Input below:

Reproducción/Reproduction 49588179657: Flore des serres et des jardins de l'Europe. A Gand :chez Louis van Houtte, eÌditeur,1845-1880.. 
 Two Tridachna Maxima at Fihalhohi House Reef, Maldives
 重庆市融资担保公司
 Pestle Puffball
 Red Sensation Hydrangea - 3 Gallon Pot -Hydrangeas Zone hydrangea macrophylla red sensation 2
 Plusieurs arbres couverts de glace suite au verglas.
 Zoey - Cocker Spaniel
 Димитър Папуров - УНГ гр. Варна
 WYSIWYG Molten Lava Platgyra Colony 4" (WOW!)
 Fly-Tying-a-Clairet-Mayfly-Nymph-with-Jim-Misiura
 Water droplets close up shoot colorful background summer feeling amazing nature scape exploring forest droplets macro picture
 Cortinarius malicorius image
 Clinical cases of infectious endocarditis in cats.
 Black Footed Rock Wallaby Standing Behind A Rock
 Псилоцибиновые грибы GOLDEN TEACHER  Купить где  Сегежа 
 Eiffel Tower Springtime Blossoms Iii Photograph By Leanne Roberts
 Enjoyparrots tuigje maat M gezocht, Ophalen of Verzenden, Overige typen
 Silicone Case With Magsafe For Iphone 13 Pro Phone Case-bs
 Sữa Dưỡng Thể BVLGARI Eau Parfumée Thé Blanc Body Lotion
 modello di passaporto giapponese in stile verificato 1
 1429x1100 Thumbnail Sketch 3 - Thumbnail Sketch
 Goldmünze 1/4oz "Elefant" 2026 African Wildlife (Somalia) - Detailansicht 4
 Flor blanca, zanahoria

End of Input.

### Exercise description
Repeat the entries exactly, leaving nothing out.

### Problem solution
Reproducción/Reproduction 49588179657: Flore des serres et des jardins de l'Europe. A Gand :chez Louis van Houtte, eÌditeur,1845-1880.. 
 Two Tridachna Maxima at Fihalhohi House Reef, Maldives
 重庆市融资担保公司
 Pestle Puffball
 Red Sensation Hydrangea - 3 Gallon Pot -Hydrangeas Zone hydrangea macrophylla red sensation 2
 Plusieurs arbres couverts de glace suite au verglas.
 Zoey - Cocker Spaniel
 Димитър Папуров - УНГ гр. Варна
 WYSIWYG Molten Lava Platgyra Colony 4" (WOW!)
 Fly-Tying-a-Clairet-Mayfly-Nymph-with-Jim-Misiura
 Water droplets close up shoot colorful background summer feeling amazing nature scape exploring forest droplets macro picture
 Cortinarius malicorius image
 Clinical cases of infectious endocarditis in cats.
 Black Footed Rock Wallaby Standing Behind A Rock
 Псилоцибиновые грибы GOLDEN TEACHER  Купить где  Сегежа 
 Eiffel Tower Springtime Blossoms Iii Photograph By Leanne Roberts
 Enjoyparrots tuigje maat M gezocht, Ophalen of Verzenden, Overige typen
 Silicone Case With Magsafe For Iphone 13 Pro Phone Case-bs
 Sữa Dưỡng Thể BVLGARI Eau Parfumée Thé Blanc Body Lotion
 modello di passaporto giapponese in stile verificato 1
 1429x1100 Thumbnail Sketch 3 - Thumbnail Sketch
 Goldmünze 1/4oz "Elefant" 2026 African Wildlife (Somalia) - Detailansicht 4
 Flor blanca, zanahoria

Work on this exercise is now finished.